10 minute read

Stonemasons, chisels, BIM and beyond

1. Visitors enjoy the new

installation of Tower Bridge’s glass walkway in

London 2. Purcell’s work

for the Palace of Westminster includes the sensitive renovation of Elizabeth Tower

Hugh Pearman looks at Purcell’s technical expertise and how tradition and innovation impacts on significance, repair and replacement decisions

Afew years ago, I was fortunate to be taken on a tour of the Palace of Westminster by Parliament’s principal architect, Adam Watrobski. Nothing unusual about that of course; MPs and Lords arrange such visits all the time. But this was different. I had been invited to see the parts of the Houses of Parliament few get to see: down in the cellars; up on the roofs; in and out of usually locked doors, back stairs, sidling through cramped offices and climbing through windows onto catwalks.

The aim was to demonstrate that Barry and Pugin’s magnificent seat of government and home of UK democracy was falling apart.
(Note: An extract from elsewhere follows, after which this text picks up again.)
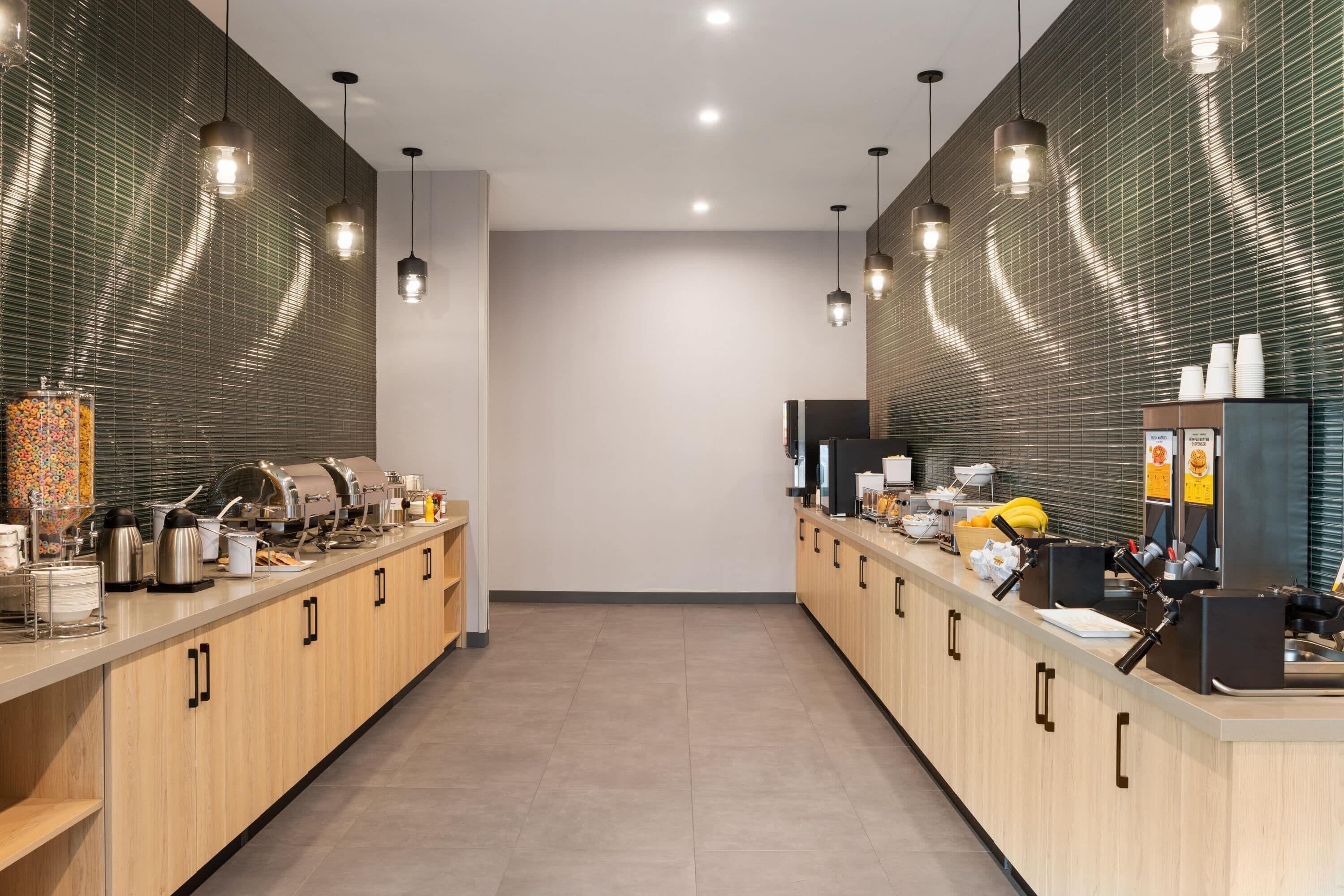 A modern kitchen with stainless steel appliances, wooden cabinets, and pendant lighting.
And so it was – from its leaking cast-iron roofs via its spalling, friable stonework and its patched-up heating, ventilation and cooling systems to its pongy drains. And that is before you take into account the wear and tear on the interior finishes, the result of the human and mechanical friction of more than one and a half centuries of constant use.

Visits such as mine were part of a briefing exercise to get us all used to the enormous scope and cost of the works required – that this was an ‘in-the-bones’ job, way more than a cosmetic exercise. Today, we see that the most essential parts of this repair work are under way, with cast-iron roofs and other areas of the palace shrouded in scaffolding that becomes especially elaborate over Elizabeth Tower – better known as Big Ben after its famous bell that chimes the hours. This is where Purcell, long involved in the palace’s rolling repairs, is working closely with Strategic Estates, as architects, on a four-year programme to restore Elizabeth Tower, which is one of the most visible parts of the Parliamentary Estate.
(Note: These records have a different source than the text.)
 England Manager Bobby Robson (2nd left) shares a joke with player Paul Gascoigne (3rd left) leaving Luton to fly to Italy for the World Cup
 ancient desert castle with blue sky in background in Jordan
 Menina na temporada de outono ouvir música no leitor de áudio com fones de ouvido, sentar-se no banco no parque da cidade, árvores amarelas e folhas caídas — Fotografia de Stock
This is a prestigious and emblematic job, not only in itself or from a craft point of view, but also as a symbol of London and of parliamentary democracy in a World Heritage Site. Elizabeth Tower will be complete before parallel building work starts on the palace’s extensive restoration and renewal project so a job that prosaically, if elaborately, involves restoring the tower’s stonework, roof, clock and clock faces – while also adding a lift and modern services – takes on a far greater importance than the very challenging elements of the brief suggest. This is nothing less than stewardship of a global landmark. Craft and technology interweave: on one hand there are stonemasons with chisels, on the other, a parallel virtual existence – the palace is the first parliamentary project with a full BIM model.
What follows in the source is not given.